Appellant's first assignment of error addresses the issue of whether the field sobriety tests were conducted in strict compliance with National Highway Traffic Safety Administration ("NHTSA") regulations. Appellant contends that the trial court erred in admitting into evidence the walk and turn test and the one-legged stand test as the tests were not administered in strict compliance as required by State v. Homan (2000), 89 Ohio St.3d 421, and, therefore, should have been excluded. Without that evidence, appellant asserts there was insufficient evidence with which to convict him of operating a motor vehicle under while under the influence of alcohol.
There are three methods of challenging, on appeal, a trial court's ruling on a motion to suppress. First, an appellant may challenge the trial court's findings of fact. In reviewing a challenge of this nature, an appellate court must determine whether the trial court's findings of fact are against the manifest weight of the evidence. See State v. Fanning (1982), 1 Ohio St.3d 19; State v. Klein (1991), 73 Ohio App.3d 486; and State v. Guysinger (1993), 86 Ohio App.3d 592. Second, an appellant may argue the trial court failed to apply the appropriate test or correct law to the findings of fact. In that case, an appellate court can reverse the trial court for committing an error of law. See State v. Williams (1993), 86 Ohio App.3d 37 . Finally, assuming the trial court's findings of fact are not against the manifest weight of the evidence and it has properly identified the law to be applied, an appellant may argue the trial court has incorrectly decided the ultimate or final issue raised in the motion to suppress. When reviewing this type of claim, an appellate court must independently determine, without deference to the trial court's conclusion, whether the facts meet the appropriate legal standard in any given case. State v. Curry (1994), 95 Ohio App.3d 93; State v. Claytor (1993), 85 Ohio App.3d 623; Guysinger, supra.

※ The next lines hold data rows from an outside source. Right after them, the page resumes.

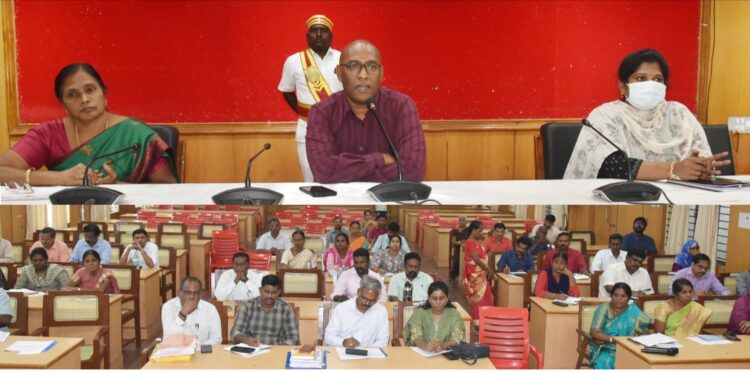 துணை முதல்வர் வருகை முன்னேற்பாடு:ஆட்சியர் தலைமையில் ஆலோசனை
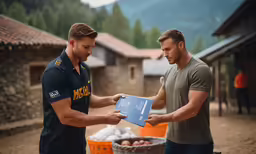 two men holding boxes of food standing outside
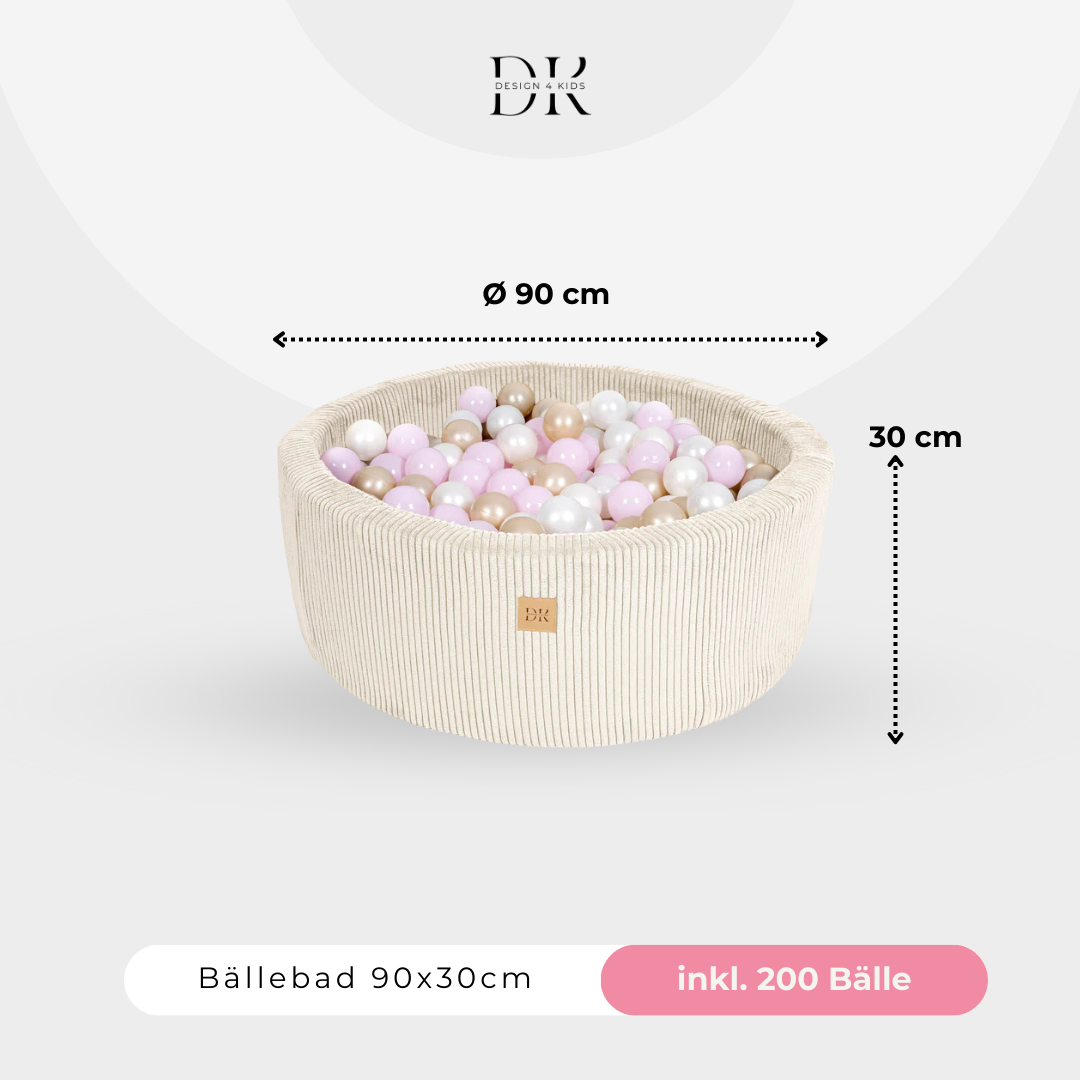 Design4Kids Bällebad Jewel 90x30cm Cord, 200 Bälle - eigene Farbauswahl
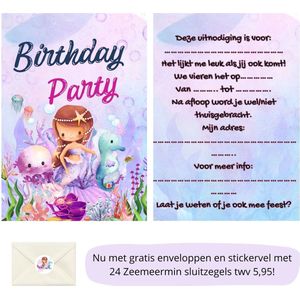 Uitnodiging kinderfeestje - Kinderfeest - Uitnodigingen - Verjaardag - Inclusief enveloppen - Eigen design en print - Wenskaart - Zeemeermin - 20 stuks - A6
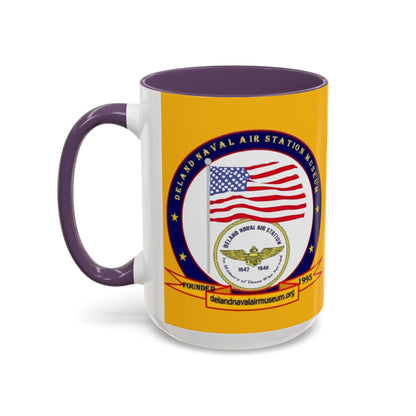 DeLand Naval Air Station Museum Yellow Accent Mug by theGreenDragonTavern.shop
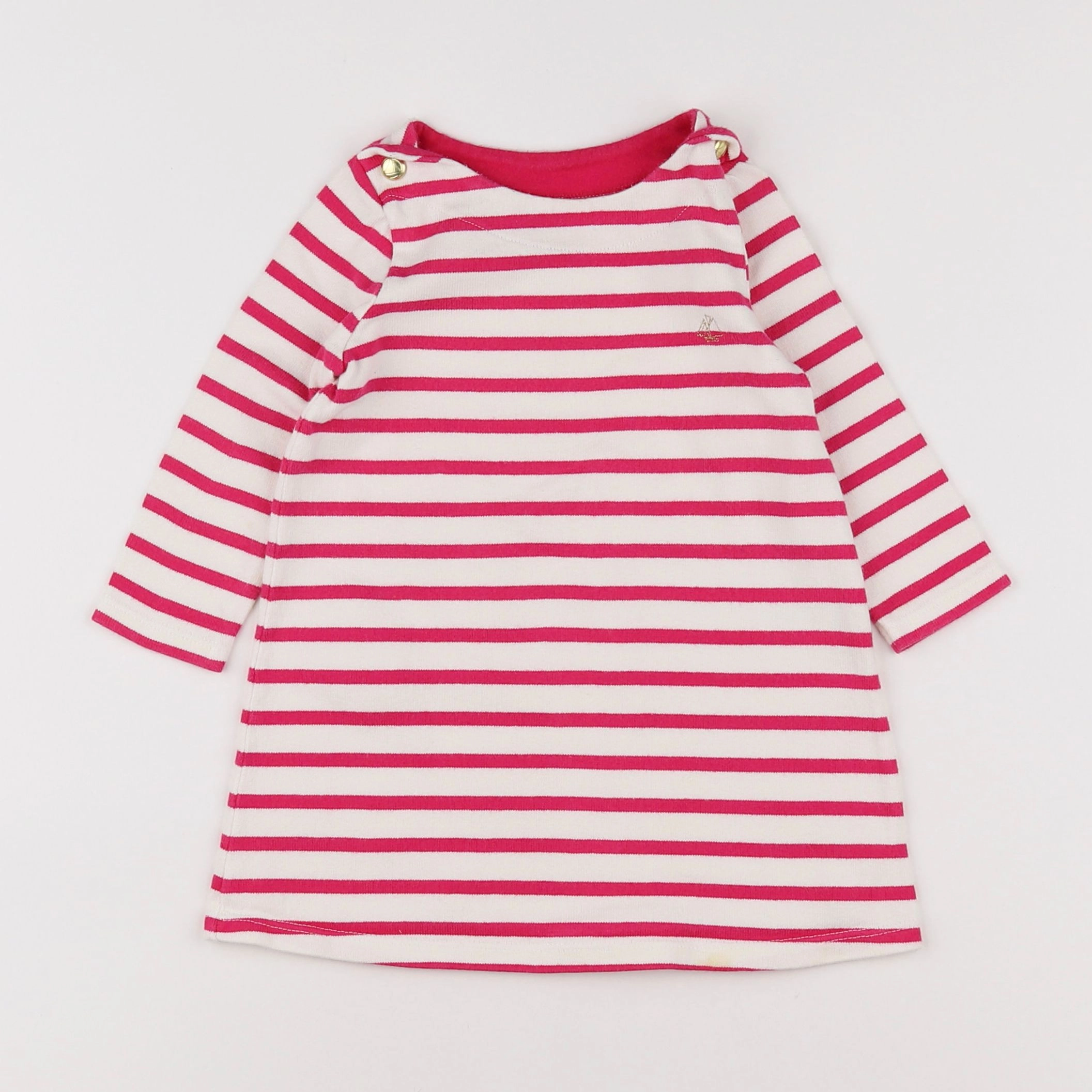 Petit Bateau - robe rose, blanc - 18 mois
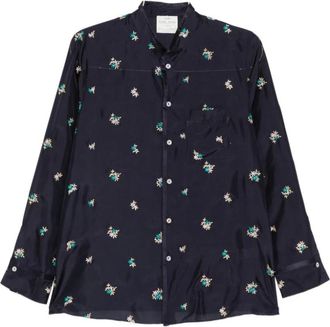 Forte_Forte Geborduurde zijden blouse - Dames - Overhemden - Blauw - S - Overhemden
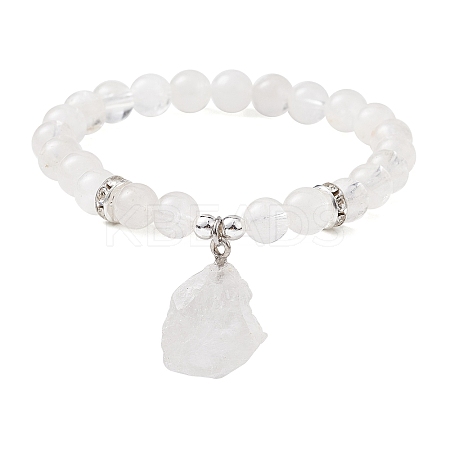 Natural Quartz Crysta & Synthetic Hematite Beaded Stretch Bracelet BJEW-JB09760-05-1
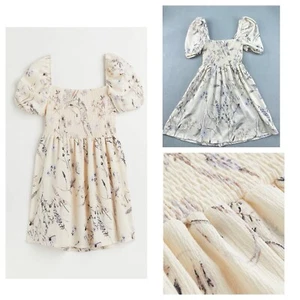 H&M Smocked-Bodice Floral Ivory Dress Short Puff Sleeves Women’s Small - Picture 1 of 13
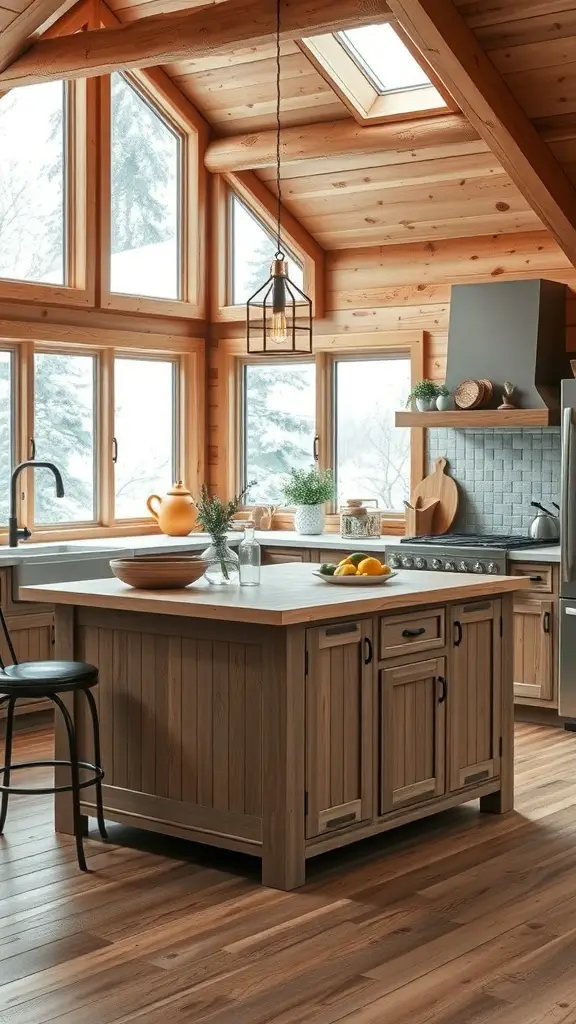 A cozy winter cabin kitchen featuring a wooden island with stools, large windows, and warm lighting.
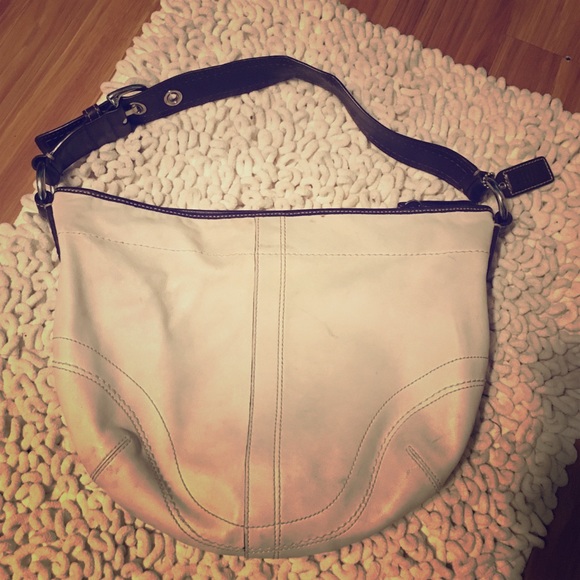 White coach purse with brown strap - Picture 1 of 4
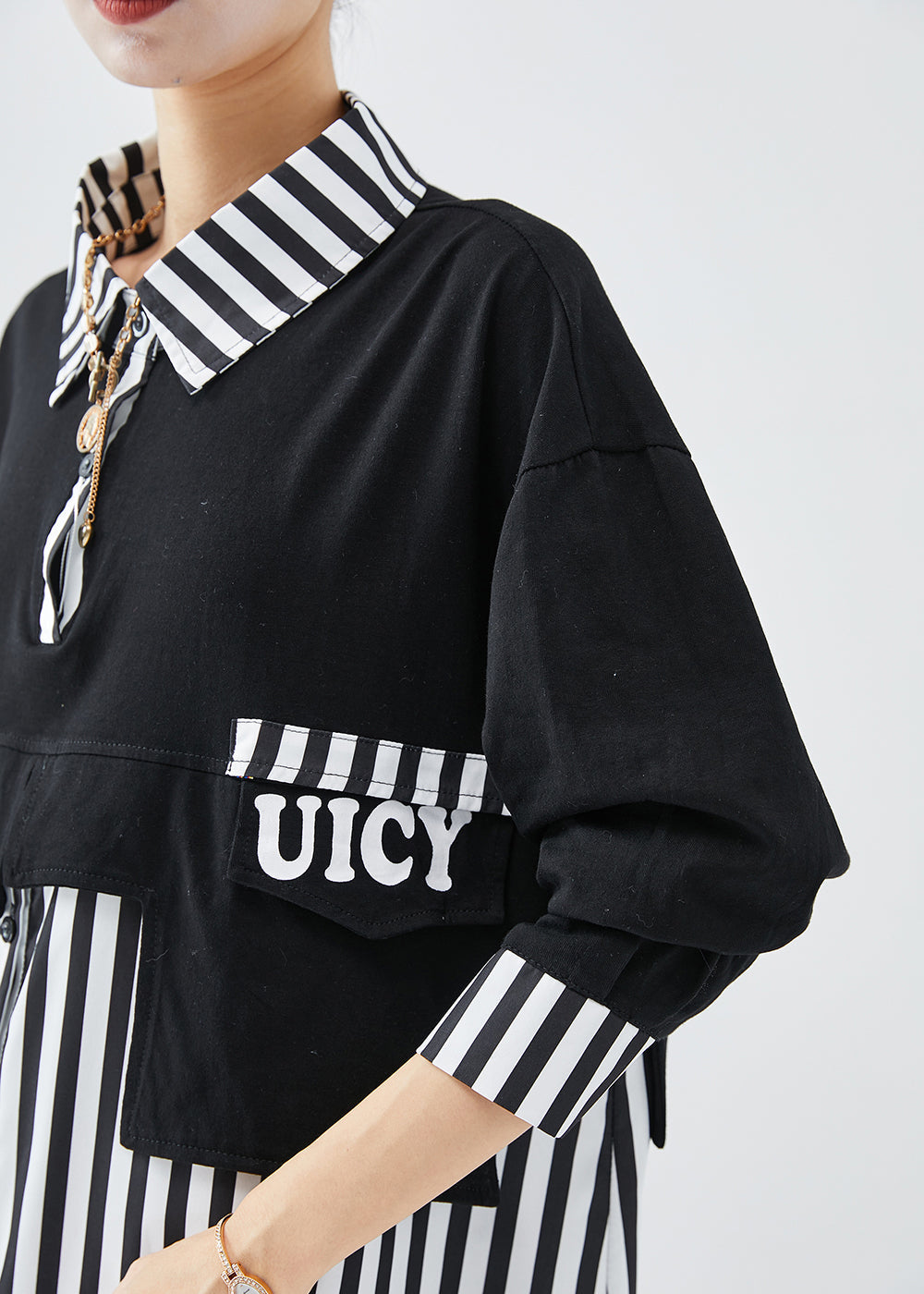Diy Black Striped Patchwork Cotton Sweatshirt Fall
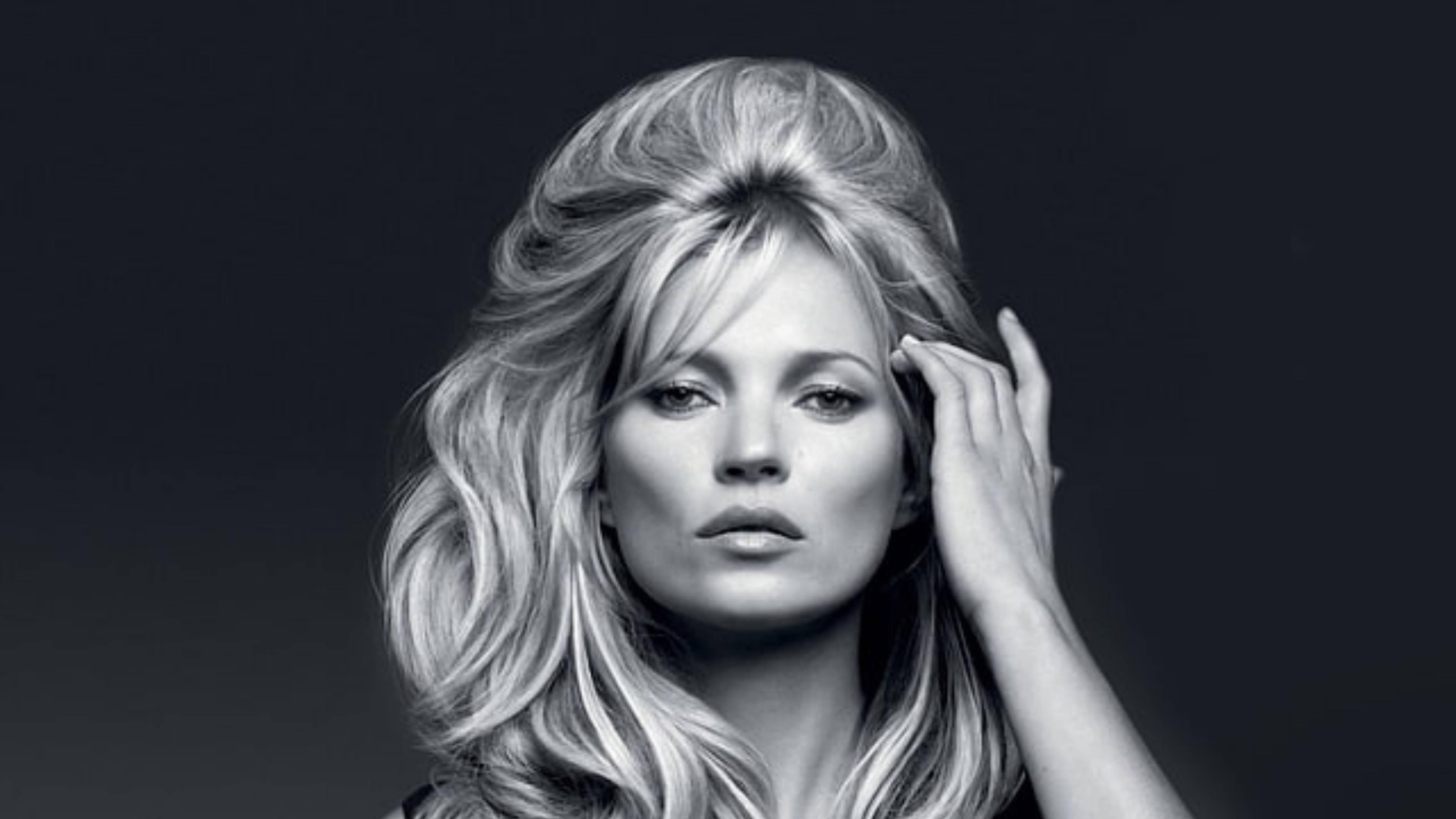 Kate Moss, Scandi Style, black and white portrait, 4K Desktop Wallpaper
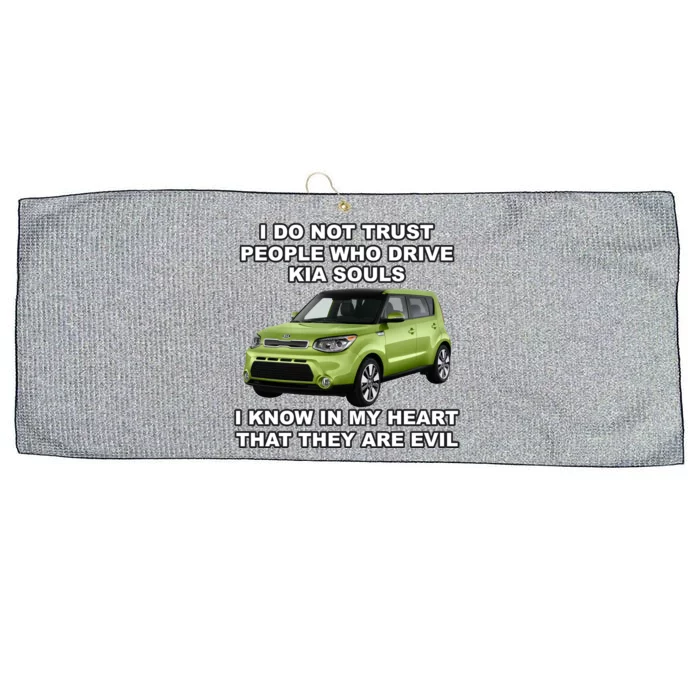 I Do Not Trust People Who Drive Kia Souls Large Microfiber Waffle Golf Towel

The Ohio Supreme Court has held that "[i]n order for the results of a field sobriety test to serve as evidence of probable cause to arrest, the police must have administered the test in strict compliance with standardized testing procedures." Homan, at paragraph one of the syllabus. "When field sobriety testing is conducted in a manner that departs from established methods and procedures, the results are inherently unreliable." Id. at 424. The logical extension of that holding is that field sobriety test results are admissible at trial as evidence of guilt only if the administering officer strictly complied with the standardized testing procedures. Id. at 429 (Rocco, J., concurring).
In Homan, the walk and turn test was suppressed because the trooper deviated from established police procedure in two ways. First, he conducted the test between his patrol car and the suspect's car. Second, he did not instruct the suspect on how to perform the test while she stood on the testing line with her right foot placed in front of her left. In addition, the walk and turn test was conducted on a gravel-covered, uneven road surface when a flat surface is required to perform the test. Id. at 422.
While these deviations may seem minor and hypertechnical, the Ohio Supreme Court has made clear that strict compliance, not substantial compliance, is the standard for admissibility of field sobriety tests. Quoting from the NHTSA manual, the Supreme Court noted "if any one of the standardized field sobriety test elements is changed, the validity is compromised." Homan, at 425. The Ohio Supreme Court went on to state "it is well established that in field sobriety testing even minor deviations from the standardized procedures can severely bias the results." Id. at 426.
In addition, the burden was on the prosecution to establish that the field sobriety tests were conducted properly. The state bears the burden of proof, including the burden of going forward with evidence, upon a proper motion to suppress by defendant. City of Xenia v. Wallace (1988), 37 Ohio St.3d 216, paragraph two of the syllabus; State v. Nickelson (July 20, 2001), Huron App. No. H-00-036, unreported; and State v. Barrett (Feb. 26, 2001), Licking App. No. 00CA-47, unreported.
In Nickelson, the Huron County Court of Appeals held that results of field sobriety tests should have been suppressed because the state failed to introduce any evidence to prove that the tests were conducted in a standardized manner as provided by the NHTSA. Although officers testified as to which tests were conducted and how they were conducted, no witness testified as to the guidelines, and the manual itself was not admitted.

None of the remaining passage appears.